LB1. `time-between-network-thread-poll-max` → I see several similar
metrics including the unit in the metric name (ms or us). We could
consider this, although it's probably not strictly required.
However,
at least the description should state the unit. Same for the `avg`
version.
LB2. `unsent-requests-size` → Naming sounds a bit like it's
referring
to the size of the request. How about `unsent-request-queue-size` or
`unsent-request-count` or simply `unsent-requests`?
LB3. "the proposed metrics below will be set to null or 0." → which
one will be set to null and which ones will be set to 0, and why?
nit: "The current number of unsent requests in the consumer
network" →
Seems to be missing something?
Cheers,
Lucas
On Fri, Jul 12, 2024 at 7:28 PM Brenden Deluna
<bdel...@confluent.io.invalid> wrote:
Hi Andrew,
Thank you for the feedback and your question.

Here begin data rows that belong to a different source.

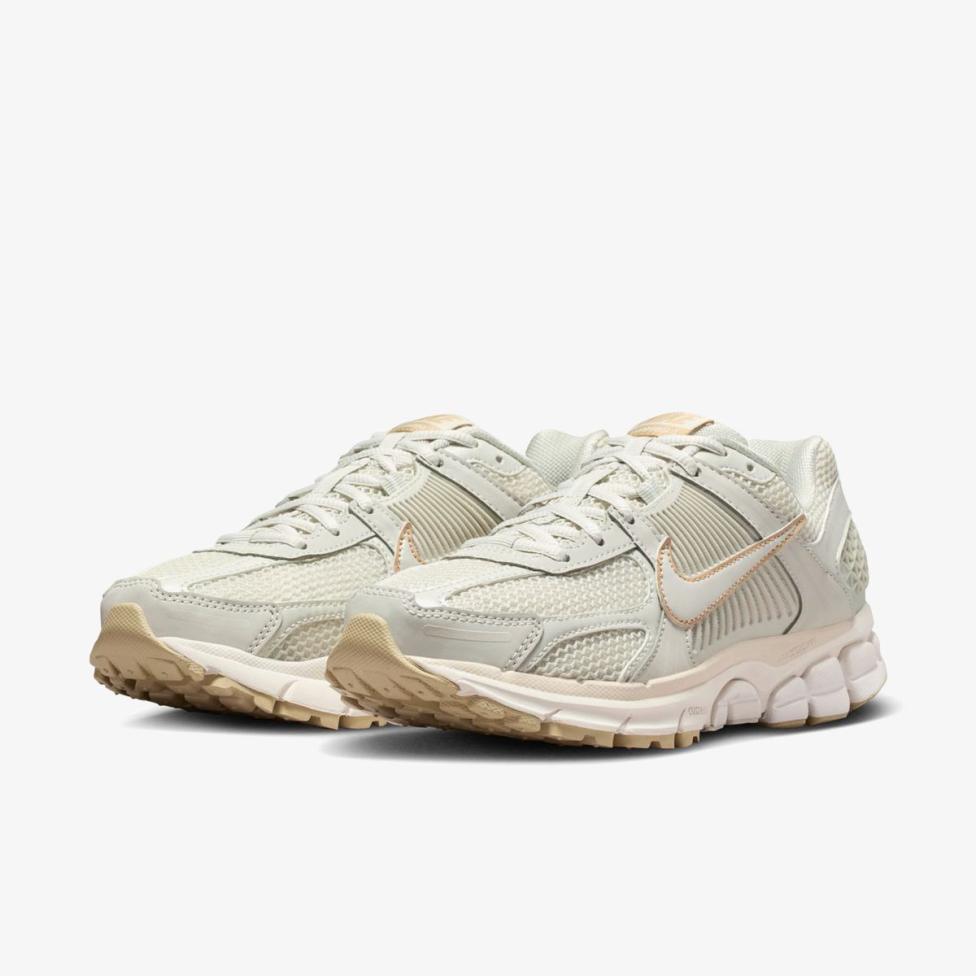 Жіночі кросівки NIKE ZOOM VOMERO 5_image_5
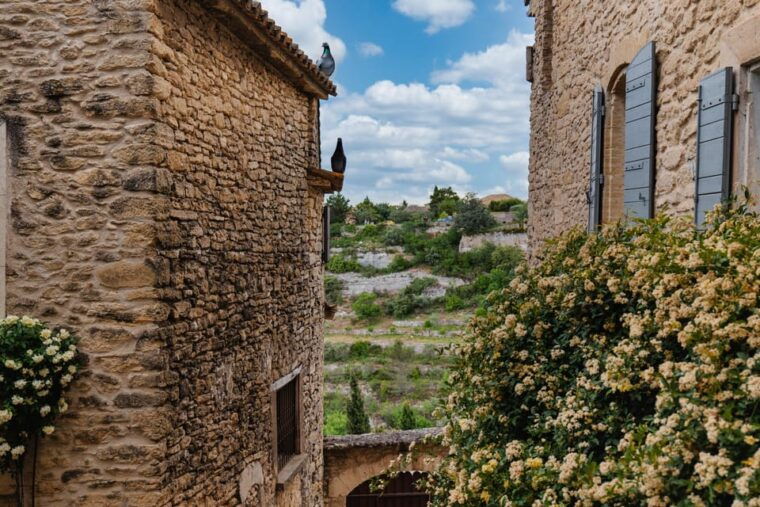 from-aix-en-provence-wine-luberon-villages-full-day-tour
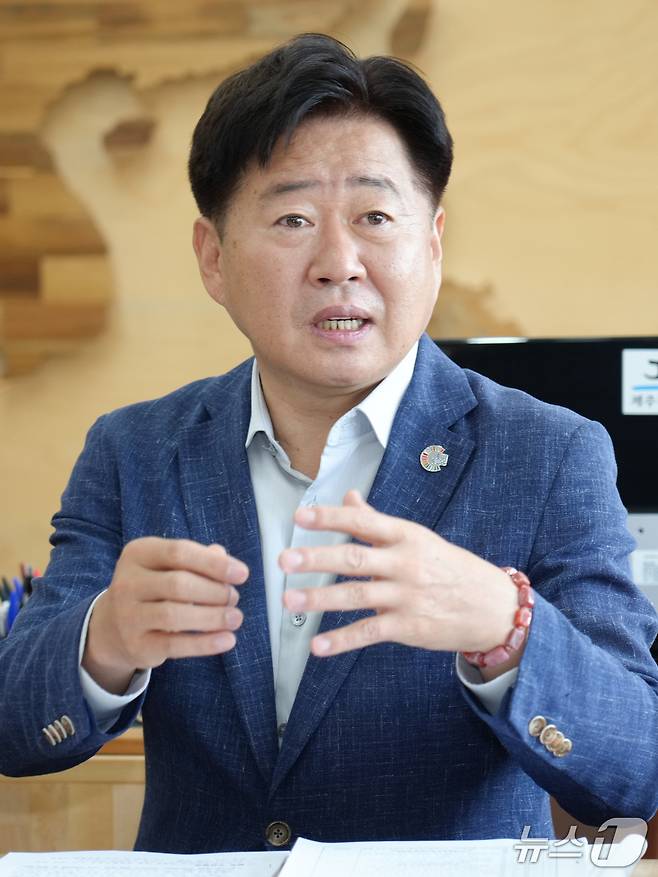 인터뷰하는 오영훈 제주도지사(제주도 제공)/뉴스1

AS1. Great idea, I will get that added.
AS2. For unsent-events-age-max, age will be calculated once the
event
is
sent, so you are correct.
AS3. I agree, I think that would be a helpful metric to add, thank
you! I
will get that added.
Please let me know if you have any additional feedback,
suggestions,
or
questions.
Thanks,
Brenden
On Fri, Jul 12, 2024 at 11:45 AM Andrew Schofield <
andrew_schofi...@live.com>
wrote:
Hi Brenden,
Thanks for the KIP. It fills a gap in the metrics for the new
consumer
nicely.
AS1. If using the CLASSIC protocol, and thus the
LegacyKafkaConsumer,
I would expect that the metrics do not exist at all. Maybe say
something
like
“These metrics are for the new consumer implementation using the
CONSUMER protocol”.
AS2. For unsent-events-age-max, when is the age calculated? For
example,
is it calculated at the time that the unsent event is removed from
the
list and sent, or does the metric reflect unsent events which are
still
enqueued? I suspect the former, but thought I’d check.
AS3. I think that unsent-events-age-avg would also be interesting
to
get an idea of how long unsent events tend to sit around before
sending.
Of course, the question from AS2 would also apply to the average.
Thanks,
Andrew
On 10 Jul 2024, at 17:44, Philip Nee <p...@confluent.io.INVALID>
wrote:
Hi all,
This is the link to the KIP document.
https://cwiki.apache.org/confluence/display/KAFKA/KIP-1068%3A+New+JMX+metrics+for+the+new+KafkaConsumer
Any comment is appreciated,
On Tue, Jul 9, 2024 at 10:14 AM Brenden Deluna
<bdel...@confluent.io.invalid>
wrote:
Hello everyone,
I would like to start the discussion thread for KIP-1068. This
is a
relatively small KIP, only proposing to add a couple of new
metrics.
If you have any suggestions or feedback, let me know, it will be
much
appreciated.